Legislative authority is held by the Parliament of South Africa. Executive authority is vested in the President of South Africa, who is head of state and head of government, and his or her Cabinet. The president is elected from the Parliament to serve a fixed term. South Africa’s government differs greatly from those of other Commonwealth nations.

The country is divided into nine provinces, each with its own provincial parliament and administration. The nine provinces are:

  • Western Cape
  • Eastern Cape
  • Free State
  • Gauteng
  • KwaZulu-Natal
  • Limpopo (formerly Northern Province)
  • Mpumalanga
  • North West
  • Northern Cape

Constitution of The Republic of South Africa
The Constitution of the Republic of South Africa, 1996 (Act 108 of 1996) came into effect on 4 February 1997. This is the highest law in South Africa and no other law or government action can overrule the Constitution or be in conflict with it. South Africa’s Constitution is one of the most progressive in the world and is based on the values of dignity, equality and freedom. Chapter 2 of the Constitution contains the Bill of Rights.

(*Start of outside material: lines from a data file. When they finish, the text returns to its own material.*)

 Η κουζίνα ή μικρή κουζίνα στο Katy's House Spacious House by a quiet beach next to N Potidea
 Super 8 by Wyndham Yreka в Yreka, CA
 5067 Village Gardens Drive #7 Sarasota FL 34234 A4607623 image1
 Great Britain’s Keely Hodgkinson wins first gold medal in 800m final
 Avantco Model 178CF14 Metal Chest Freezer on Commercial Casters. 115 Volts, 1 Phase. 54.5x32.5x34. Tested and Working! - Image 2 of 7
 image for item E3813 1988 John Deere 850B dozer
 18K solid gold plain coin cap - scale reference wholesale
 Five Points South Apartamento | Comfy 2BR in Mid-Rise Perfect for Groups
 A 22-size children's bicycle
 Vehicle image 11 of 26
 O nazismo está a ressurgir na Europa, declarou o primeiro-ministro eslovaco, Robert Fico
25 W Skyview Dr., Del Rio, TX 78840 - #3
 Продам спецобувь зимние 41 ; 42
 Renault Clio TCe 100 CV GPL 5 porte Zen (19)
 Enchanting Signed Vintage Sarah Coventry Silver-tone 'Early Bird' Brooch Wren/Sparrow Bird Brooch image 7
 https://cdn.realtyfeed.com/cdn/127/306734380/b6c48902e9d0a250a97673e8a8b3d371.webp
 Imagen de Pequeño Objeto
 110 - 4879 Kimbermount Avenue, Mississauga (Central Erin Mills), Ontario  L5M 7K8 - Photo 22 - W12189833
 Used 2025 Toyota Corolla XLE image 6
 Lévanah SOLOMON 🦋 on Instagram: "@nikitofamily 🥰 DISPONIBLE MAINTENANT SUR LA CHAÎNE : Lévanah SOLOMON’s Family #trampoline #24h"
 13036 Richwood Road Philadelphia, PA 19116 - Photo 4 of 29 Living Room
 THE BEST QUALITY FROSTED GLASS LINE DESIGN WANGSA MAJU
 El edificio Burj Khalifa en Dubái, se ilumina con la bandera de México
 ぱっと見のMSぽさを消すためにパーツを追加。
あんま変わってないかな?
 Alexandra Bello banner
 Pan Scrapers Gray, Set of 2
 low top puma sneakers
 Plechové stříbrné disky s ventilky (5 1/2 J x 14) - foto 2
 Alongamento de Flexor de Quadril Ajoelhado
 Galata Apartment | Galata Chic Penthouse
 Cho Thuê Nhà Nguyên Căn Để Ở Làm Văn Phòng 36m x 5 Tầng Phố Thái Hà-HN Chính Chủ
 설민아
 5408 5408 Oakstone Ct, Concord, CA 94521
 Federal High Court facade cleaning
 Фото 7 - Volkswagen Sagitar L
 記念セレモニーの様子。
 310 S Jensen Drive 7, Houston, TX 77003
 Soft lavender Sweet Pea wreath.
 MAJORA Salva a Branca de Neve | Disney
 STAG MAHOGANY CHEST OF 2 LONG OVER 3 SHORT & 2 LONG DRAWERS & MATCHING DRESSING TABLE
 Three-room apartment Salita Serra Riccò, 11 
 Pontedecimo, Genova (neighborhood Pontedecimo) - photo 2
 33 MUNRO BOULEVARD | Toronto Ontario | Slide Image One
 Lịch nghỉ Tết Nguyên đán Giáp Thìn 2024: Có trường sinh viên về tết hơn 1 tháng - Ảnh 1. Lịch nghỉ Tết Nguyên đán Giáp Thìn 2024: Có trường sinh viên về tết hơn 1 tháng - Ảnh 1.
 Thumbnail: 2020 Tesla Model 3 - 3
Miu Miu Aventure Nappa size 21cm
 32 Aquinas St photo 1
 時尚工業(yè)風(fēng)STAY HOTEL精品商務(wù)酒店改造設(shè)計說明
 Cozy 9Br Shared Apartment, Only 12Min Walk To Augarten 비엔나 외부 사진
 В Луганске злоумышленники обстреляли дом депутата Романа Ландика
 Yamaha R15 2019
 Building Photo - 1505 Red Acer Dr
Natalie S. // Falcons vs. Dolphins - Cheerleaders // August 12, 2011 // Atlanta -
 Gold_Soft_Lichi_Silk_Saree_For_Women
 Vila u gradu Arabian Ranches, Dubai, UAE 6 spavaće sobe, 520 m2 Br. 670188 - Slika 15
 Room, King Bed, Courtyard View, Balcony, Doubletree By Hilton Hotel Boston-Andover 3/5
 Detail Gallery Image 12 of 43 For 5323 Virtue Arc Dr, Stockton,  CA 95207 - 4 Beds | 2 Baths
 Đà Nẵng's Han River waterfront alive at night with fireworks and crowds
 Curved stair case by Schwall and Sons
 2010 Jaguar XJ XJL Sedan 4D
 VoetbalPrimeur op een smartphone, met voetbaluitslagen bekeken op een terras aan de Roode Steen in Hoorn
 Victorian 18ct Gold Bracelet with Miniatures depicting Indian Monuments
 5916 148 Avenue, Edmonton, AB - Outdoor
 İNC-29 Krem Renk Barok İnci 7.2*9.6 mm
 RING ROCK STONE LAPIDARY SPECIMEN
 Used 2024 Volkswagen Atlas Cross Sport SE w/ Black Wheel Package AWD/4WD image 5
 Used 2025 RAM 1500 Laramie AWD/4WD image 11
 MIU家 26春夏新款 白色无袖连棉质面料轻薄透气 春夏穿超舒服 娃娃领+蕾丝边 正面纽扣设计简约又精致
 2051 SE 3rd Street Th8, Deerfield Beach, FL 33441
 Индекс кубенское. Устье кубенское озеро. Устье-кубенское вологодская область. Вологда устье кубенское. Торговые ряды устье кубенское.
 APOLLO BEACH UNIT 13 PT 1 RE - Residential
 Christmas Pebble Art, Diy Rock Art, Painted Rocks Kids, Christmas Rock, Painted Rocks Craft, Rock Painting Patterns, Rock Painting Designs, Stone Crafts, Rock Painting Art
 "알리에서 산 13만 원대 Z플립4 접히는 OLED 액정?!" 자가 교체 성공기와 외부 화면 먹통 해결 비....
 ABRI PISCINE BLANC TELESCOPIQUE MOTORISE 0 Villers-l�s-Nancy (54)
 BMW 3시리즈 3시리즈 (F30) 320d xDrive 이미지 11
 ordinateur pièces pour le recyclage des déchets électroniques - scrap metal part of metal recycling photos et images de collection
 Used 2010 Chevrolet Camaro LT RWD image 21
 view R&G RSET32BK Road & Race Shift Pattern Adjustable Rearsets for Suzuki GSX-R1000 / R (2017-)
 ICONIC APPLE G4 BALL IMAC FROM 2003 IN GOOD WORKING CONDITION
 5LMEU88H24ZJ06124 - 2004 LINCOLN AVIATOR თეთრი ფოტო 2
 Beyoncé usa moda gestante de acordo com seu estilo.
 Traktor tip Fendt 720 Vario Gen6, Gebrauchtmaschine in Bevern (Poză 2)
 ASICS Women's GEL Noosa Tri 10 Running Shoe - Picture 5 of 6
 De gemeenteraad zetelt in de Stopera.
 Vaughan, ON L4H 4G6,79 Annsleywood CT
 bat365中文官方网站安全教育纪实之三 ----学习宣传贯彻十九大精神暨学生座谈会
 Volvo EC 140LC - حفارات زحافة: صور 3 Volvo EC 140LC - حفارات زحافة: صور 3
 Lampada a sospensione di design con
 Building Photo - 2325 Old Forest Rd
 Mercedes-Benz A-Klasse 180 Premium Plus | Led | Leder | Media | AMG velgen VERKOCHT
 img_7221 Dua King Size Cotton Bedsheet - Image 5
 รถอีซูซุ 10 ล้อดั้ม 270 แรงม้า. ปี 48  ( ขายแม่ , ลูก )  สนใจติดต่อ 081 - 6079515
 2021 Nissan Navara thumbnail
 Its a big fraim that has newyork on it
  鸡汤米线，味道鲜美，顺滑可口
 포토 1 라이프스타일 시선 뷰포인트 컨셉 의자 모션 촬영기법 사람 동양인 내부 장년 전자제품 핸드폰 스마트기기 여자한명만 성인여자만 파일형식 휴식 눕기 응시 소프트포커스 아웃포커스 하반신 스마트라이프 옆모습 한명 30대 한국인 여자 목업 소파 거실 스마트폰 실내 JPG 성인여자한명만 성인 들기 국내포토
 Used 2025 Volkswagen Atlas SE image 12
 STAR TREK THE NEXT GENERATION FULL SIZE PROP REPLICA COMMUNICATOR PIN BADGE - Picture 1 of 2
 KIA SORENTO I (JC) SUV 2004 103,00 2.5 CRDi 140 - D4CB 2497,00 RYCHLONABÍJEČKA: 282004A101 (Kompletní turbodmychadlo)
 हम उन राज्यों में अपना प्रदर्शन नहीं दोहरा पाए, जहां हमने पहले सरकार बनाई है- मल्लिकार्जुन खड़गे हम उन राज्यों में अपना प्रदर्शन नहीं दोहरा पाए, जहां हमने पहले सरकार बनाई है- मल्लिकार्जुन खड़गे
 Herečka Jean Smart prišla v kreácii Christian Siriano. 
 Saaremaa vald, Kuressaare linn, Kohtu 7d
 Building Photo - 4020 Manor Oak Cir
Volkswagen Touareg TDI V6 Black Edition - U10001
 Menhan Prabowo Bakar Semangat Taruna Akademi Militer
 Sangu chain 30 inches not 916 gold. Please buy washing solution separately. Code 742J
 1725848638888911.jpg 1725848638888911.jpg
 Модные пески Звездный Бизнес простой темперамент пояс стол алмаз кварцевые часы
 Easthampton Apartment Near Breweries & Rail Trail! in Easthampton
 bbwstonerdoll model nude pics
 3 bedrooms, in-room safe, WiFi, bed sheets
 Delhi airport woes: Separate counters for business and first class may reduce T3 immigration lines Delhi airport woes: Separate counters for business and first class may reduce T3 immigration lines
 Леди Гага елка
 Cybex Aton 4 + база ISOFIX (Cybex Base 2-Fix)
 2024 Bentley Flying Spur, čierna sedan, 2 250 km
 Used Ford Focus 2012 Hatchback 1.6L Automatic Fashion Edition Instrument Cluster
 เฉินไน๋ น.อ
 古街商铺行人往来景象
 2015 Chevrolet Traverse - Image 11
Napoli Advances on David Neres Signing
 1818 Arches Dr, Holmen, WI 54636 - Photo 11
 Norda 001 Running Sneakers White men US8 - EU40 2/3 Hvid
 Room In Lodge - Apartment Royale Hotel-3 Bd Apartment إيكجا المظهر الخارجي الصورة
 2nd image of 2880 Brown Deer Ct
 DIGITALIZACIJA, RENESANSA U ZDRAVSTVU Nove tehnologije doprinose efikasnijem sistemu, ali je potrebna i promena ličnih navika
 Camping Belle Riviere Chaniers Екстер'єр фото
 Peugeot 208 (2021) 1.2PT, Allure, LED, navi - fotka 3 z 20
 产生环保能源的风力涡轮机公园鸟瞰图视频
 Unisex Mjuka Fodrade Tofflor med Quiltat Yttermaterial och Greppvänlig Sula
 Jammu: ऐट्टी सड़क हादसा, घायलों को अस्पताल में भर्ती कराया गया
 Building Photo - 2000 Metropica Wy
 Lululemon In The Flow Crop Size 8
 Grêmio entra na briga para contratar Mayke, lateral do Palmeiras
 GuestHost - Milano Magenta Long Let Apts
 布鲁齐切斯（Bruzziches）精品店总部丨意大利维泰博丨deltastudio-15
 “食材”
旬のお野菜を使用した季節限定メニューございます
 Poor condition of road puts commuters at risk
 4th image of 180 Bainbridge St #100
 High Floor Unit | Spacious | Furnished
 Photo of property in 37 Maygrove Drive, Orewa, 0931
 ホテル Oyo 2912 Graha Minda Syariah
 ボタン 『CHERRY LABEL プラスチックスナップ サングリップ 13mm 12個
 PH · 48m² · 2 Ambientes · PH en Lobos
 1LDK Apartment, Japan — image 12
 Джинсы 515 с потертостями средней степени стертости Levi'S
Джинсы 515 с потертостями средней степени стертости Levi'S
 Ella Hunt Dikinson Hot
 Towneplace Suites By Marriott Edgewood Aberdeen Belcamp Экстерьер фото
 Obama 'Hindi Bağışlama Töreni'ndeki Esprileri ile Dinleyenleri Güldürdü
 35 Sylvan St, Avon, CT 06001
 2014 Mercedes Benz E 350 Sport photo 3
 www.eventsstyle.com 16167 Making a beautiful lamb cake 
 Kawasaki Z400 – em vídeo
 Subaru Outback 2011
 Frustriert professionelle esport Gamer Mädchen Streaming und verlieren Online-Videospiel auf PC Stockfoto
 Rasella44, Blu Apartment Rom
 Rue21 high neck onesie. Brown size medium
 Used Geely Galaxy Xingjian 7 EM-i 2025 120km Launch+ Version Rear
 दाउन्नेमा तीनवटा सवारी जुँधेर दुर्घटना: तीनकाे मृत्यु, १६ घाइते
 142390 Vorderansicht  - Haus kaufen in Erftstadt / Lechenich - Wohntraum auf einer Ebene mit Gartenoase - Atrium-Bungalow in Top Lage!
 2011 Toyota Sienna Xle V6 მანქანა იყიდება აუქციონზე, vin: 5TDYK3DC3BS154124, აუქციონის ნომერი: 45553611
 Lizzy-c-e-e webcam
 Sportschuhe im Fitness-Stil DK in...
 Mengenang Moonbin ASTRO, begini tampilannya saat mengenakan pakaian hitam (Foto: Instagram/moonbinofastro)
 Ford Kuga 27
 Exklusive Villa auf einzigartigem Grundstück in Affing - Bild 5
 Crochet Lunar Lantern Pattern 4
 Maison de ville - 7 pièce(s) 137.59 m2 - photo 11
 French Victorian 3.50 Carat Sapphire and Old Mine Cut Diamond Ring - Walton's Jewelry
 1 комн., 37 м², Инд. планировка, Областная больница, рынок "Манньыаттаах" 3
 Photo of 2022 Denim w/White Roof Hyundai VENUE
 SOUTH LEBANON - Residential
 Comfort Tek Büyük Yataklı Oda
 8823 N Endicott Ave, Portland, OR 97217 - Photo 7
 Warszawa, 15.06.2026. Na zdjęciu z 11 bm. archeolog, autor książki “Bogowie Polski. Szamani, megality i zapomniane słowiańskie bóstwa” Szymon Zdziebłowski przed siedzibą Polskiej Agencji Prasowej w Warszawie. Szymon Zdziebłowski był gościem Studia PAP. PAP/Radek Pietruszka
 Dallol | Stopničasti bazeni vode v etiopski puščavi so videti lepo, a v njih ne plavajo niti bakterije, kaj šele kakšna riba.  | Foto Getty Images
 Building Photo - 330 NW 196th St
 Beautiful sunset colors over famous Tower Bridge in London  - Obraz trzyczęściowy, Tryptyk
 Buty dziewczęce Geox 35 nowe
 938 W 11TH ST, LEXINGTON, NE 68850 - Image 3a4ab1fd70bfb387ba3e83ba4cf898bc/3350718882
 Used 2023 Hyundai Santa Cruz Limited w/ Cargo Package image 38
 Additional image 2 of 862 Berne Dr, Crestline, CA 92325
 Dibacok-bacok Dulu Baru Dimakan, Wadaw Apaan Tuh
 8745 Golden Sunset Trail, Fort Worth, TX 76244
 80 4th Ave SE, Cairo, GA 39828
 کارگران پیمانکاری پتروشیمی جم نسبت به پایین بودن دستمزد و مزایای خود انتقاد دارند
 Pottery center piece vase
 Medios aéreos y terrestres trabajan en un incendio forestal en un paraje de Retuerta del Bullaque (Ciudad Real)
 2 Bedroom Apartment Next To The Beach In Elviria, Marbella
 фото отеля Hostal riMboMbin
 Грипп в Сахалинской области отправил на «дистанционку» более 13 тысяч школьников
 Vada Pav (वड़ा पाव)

The South African Parliament
The South African Parliament is responsible for creating and amending the countries laws in accordance with the Constitution. It consists of two parts, the National Assembly and the National Council of Provinces (NCOP). The National Assembly consists of 400 elected representatives who meet at the Houses of Parliament in Cape Town, to debate issues and create legislation. The National Council of Provinces consists of 54 permanent members and 36 special delegates representing the nine provinces. The NCOP represents provincial interests in the national sphere of government.

The executive arm of national government is headed up by the Cabinet which consists of the President, the Deputy President and various Ministers appointed by the President from the National Assembly. The President also determines which functions each of the Ministers will perform.

State institutions
State institutions created to support constitutional democracy are the Public Protector; the Human Rights Commission; the Commission for the Promotion and Protection of the Rights of Cultural, Religious and Linguistic Communities; the Commission for Gender Equality; the Auditor-General and the Electoral Commission.